You need Lightroom 3.3 release candidate.

Not sure if you can use it in demo mode or not... Why not use the software it came with (Nikon Capture NX), then convert it from there? The software is actually pretty good.


----------



## ann

They just haven't caught up with the newest cameras. When they do, you will need to upgrade the convertor section for that camera body, however, i would second the recommendation for using what came with the camera.


----------



## knightracersi

Thank you both for your help I thought I was going to go nuts over the answer. I have never used any cameras software since it never seemed useful but I will try this for now. I just like things that are universal for other people to use instead of specific.


----------



## Seekwence

I am also new to Lightroom, but can't you select the option "Copy as DNG" if you are importing from a card to your computer...this should copy them as .dng to the folder of your choosing as well as import into Lightroom.

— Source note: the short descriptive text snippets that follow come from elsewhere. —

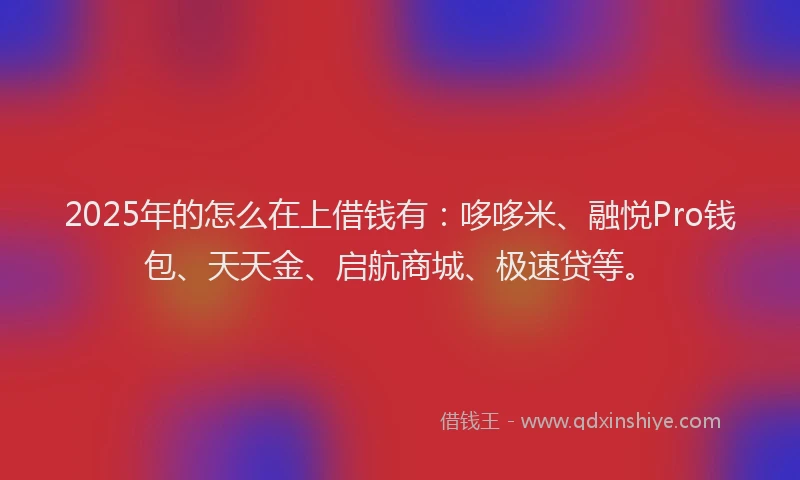 2025年的怎么在上借钱有：哆哆米、融悦Pro钱包、天天金、启航商城、极速贷等。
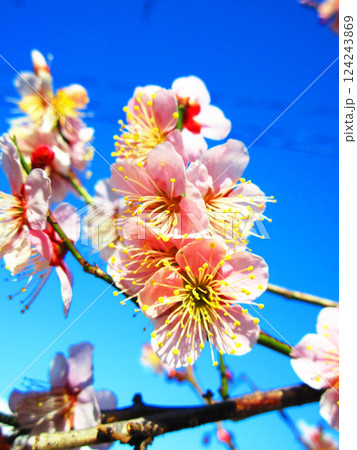 2025年2月に撮影した埼玉県川口市内の梅の花と青空の美しい風景 124243869
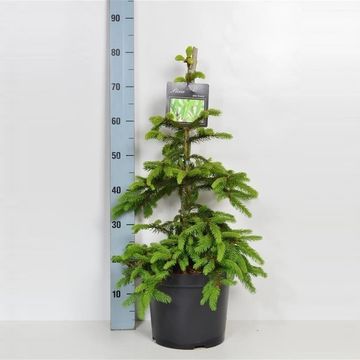 Picea abies 'Inversa'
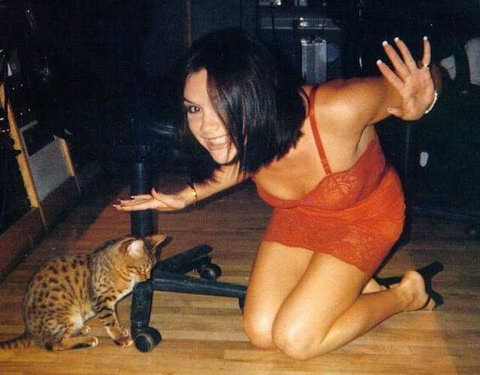 Victoria Beckham com seu gato Bengal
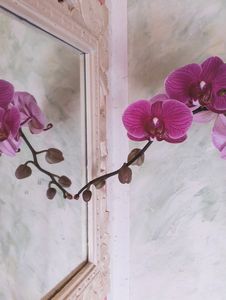 Ken Damy - Senza titolo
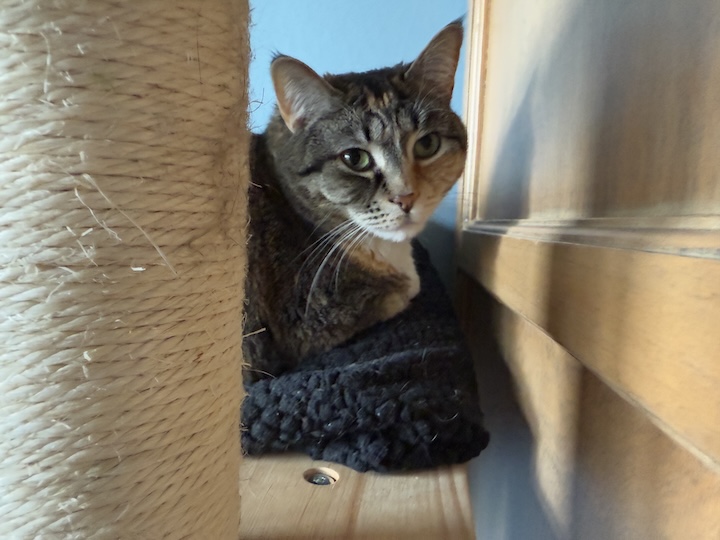 Cat by scratching post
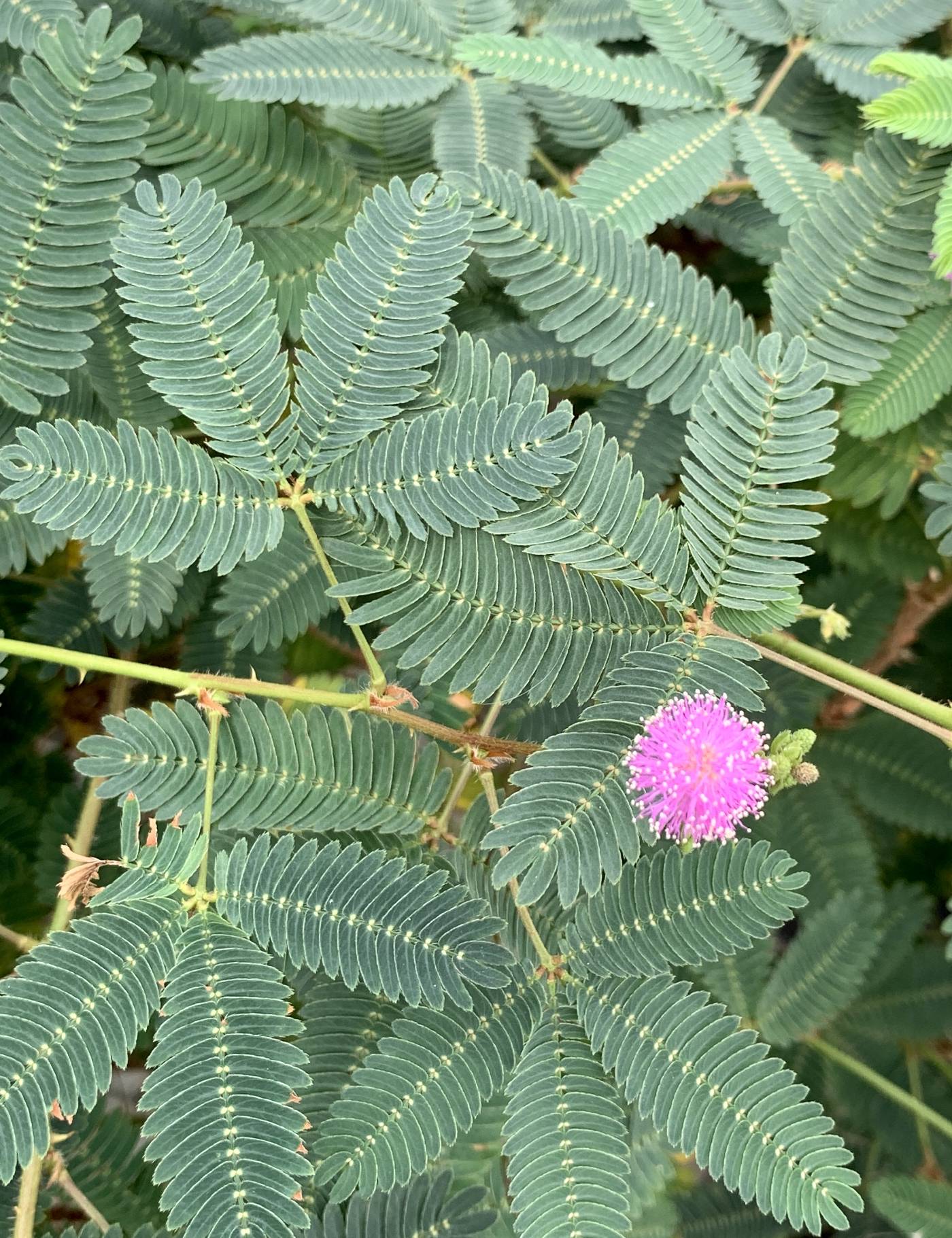 Mimosa pudica image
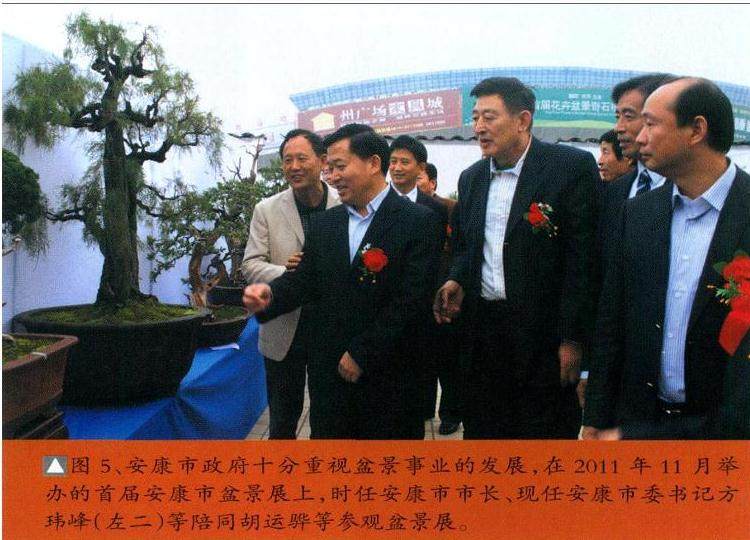 第八届中国盆景展览签约仪式在陕西省安康市隆重举行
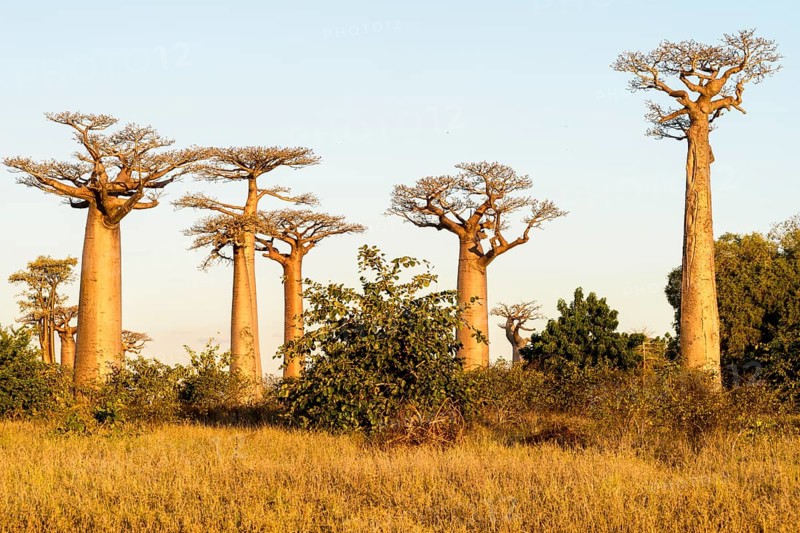 Grandidier's Baobabs (Adansonia grandidieri)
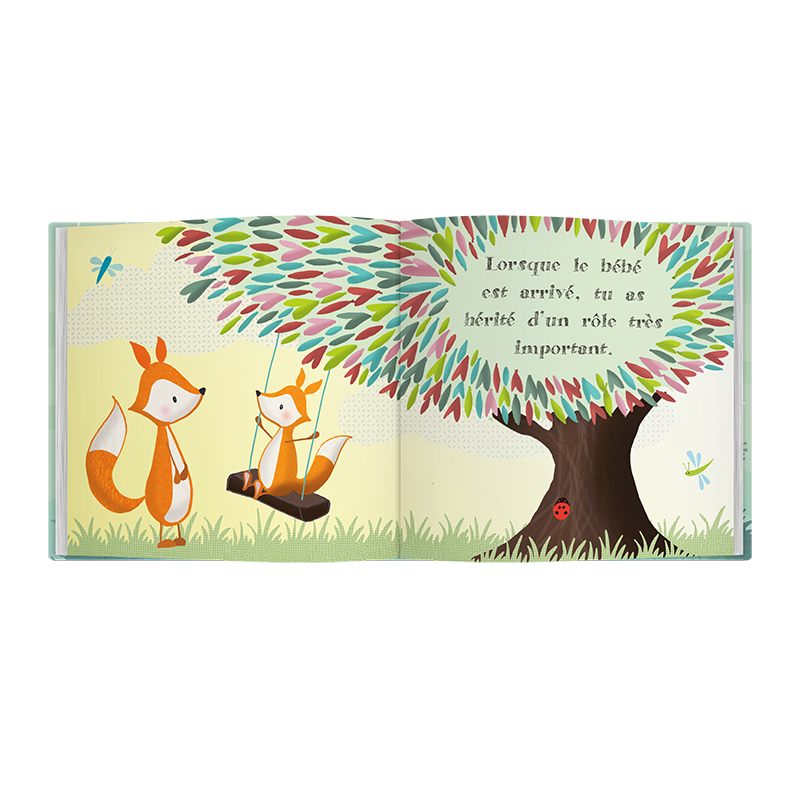 C'est Toi L'Exemple - Gift for the big brother or the big sister at the birth of a baby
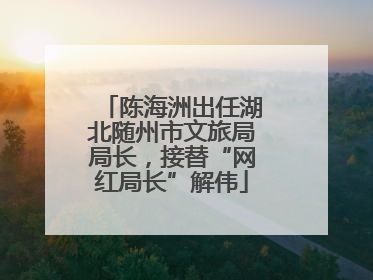 陈海洲出任湖北随州市文旅局局长，接替“网红局长”解伟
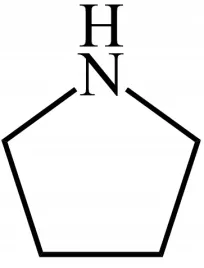 pirolidyna-azacyklopentan-pyrrolidine-20l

More info: "Should I convert to DNG?"


----------



## knightracersi

Seek it wasn't giving me an option to do anything with them on LR or the computer. Iphoto could read them but it was reading it as a file error and could not preview or open them. I have the RC on it now and it works! :thumbup:


----------



## rainking

Here you go. This will work with the D7000 RAW files. I use it. 

Adobe Labs - Downloads: Adobe Photoshop Lightroom 3.3 Release Candidate


----------